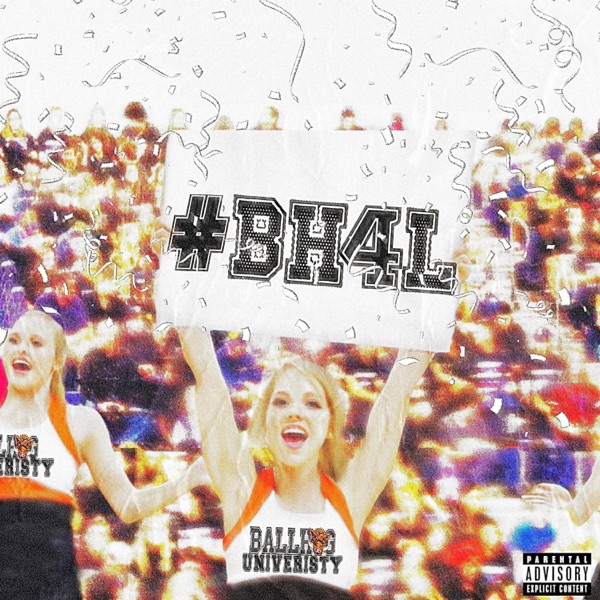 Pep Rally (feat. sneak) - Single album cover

==============================

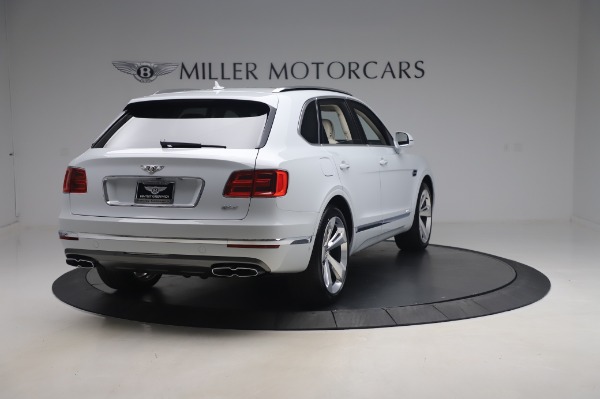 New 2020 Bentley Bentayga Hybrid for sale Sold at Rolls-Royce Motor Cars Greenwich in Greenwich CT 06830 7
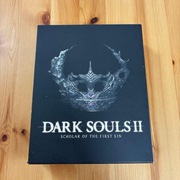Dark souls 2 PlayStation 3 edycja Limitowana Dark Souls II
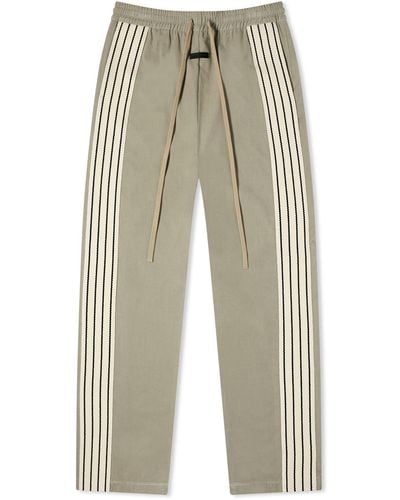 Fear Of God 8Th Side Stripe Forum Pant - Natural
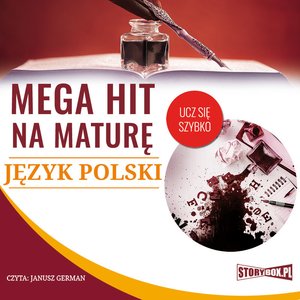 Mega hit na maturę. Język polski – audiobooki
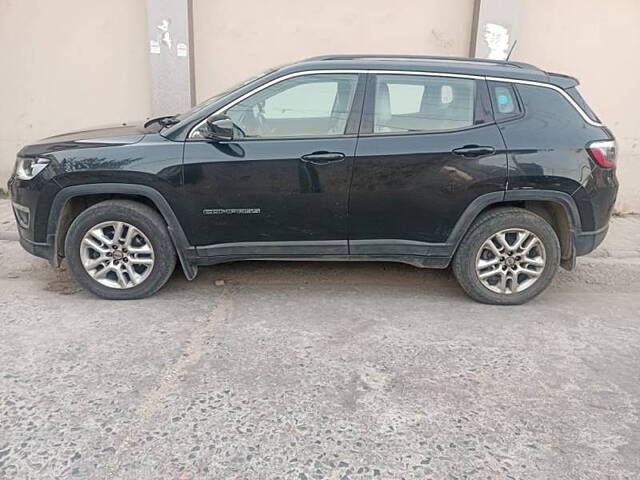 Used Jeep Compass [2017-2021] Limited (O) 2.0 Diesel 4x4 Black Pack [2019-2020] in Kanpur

==============================

**Task item**
All that should be printed is the run of lines above from the one with "Fear Of God" through the one with "Used Jeep Compass", both included, exactly as given, with pictures left out.

**Task answer**
 Fear Of God 8Th Side Stripe Forum Pant - Natural
 Mega hit na maturę. Język polski – audiobooki
 Used Jeep Compass [2017-2021] Limited (O) 2.0 Diesel 4x4 Black Pack [2019-2020] in Kanpur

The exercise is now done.